This information is intended for use by health professionals

1. Name of the medicinal product

Octanate LV 100 IU/ml

Powder and solvent for solution for injection

2. Qualitative and quantitative composition

Octanate LV 100 IU/ml contains nominally 500 IU human coagulation factor VIII per vial.

The product contains approximately 100 IU* per ml human coagulation factor VIII when reconstituted with 5 ml of solvent.

Produced from the plasma of human donors.

The product contains approximately ≤ 60 IU per ml von Willebrand factor (VWF:RCo).

Excipient with known effect:

Sodium up to 1.75 mmol (40 mg) per dose

Sodium concentration after reconstitution: 250 – 350 mmol/l

For the full list of excipients, see section 6.1.

* The potency (IU) is determined using the European Pharmacopoeia chromogenic assay. The mean specific activity of Octanate LV is ≥ 100 IU/mg protein.

3. Pharmaceutical form

Powder and solvent for solution for injection.

The powder is white or pale yellow, also appearing as a friable solid.

The solvent is a clear, colourless liquid.

4. Clinical particulars
4.1 Therapeutic indications

Treatment and prophylaxis of bleeding in patients with haemophilia A (congenital factor VIII deficiency)

This preparation does not contain von Willebrand factor in pharmacologically effective quantities and is therefore not indicated in von Willebrand's disease.

4.2 Posology and method of administration

Treatment should be initiated under the supervision of a physician experienced in the treatment of haemophilia.


The dosage and duration of the substitution therapy depend on the severity of the factor VIII deficiency, on the location and extent of the bleeding, and on the patient's clinical condition.

The number of units of factor VIII administered is expressed in International Units (IU), which are related to the current World Health Organisation (WHO) international standard for factor VIII products. Factor VIII activity in plasma is expressed either as a percentage (relative to normal human plasma) or in International Units (relative to an International Standard for factor VIII in plasma).

One International Unit (IU) of factor VIII activity is equivalent to that quantity of factor VIII in one ml of normal human plasma. The calculation of the required dosage of factor VIII is based on the empirical finding that 1 IU factor VIII per kg body weight raises the plasma factor VIII activity by 1.5 % to 2 % of normal. The required dosage is determined using the following formula:

Required units = body weight (kg) x desired factor VIII rise (%) (IU/dl) x 0.5

The amount and frequency of administration should always be adjusted according to the clinical effectiveness in the individual patient.

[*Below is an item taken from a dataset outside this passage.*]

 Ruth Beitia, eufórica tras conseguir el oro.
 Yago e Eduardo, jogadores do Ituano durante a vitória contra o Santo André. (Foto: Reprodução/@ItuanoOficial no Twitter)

In the case of the following haemorrhagic events, the factor VIII activity should not fall below the given plasma activity level (in % of normal) in the corresponding period. The following table can be used to guide dosing in bleeding episodes and surgery:

Degree of haemorrhage/ Type of surgical procedure

Factor VIII level required (%) (IU/dl)

Frequency of doses (hours) / Duration of therapy (days)


Early haemarthrosis, muscle bleeding or oral bleeding

20 - 40

Repeat every 12 to 24 hours. At least 1 day, until the bleeding episode as indicated by pain is resolved or healing is achieved.

More extensive haemarthrosis, muscle bleeding or haematoma

30 - 60

Repeat infusion every 12 to 24 hours for 3 to 4 days or more until pain and disability are resolved.

Life-threatening haemorrhages

60 - 100

Repeat infusion every 8 to 24 hours until threat is resolved.



including tooth extraction

30 - 60

Every 24 hours, at least 1 day, until healing is achieved.


80 - 100

(pre- and postoperative)

Repeat infusion every 8 to 24 hours until adequate wound healing, then therapy for at least another 7 days to maintain a FVIII activity of 30% to 60%.

During the course of treatment, appropriate determination of factor VIII levels is advised to guide the dose to be administered and the frequency of repeated infusions. In the case of major surgical interventions in particular, a precise monitoring of the substitution therapy by means of coagulation analysis (plasma factor VIII activity) is indispensable. Individual patients may vary in their response to factor VIII, achieving different levels of in vivo recovery and demonstrating different half-lives.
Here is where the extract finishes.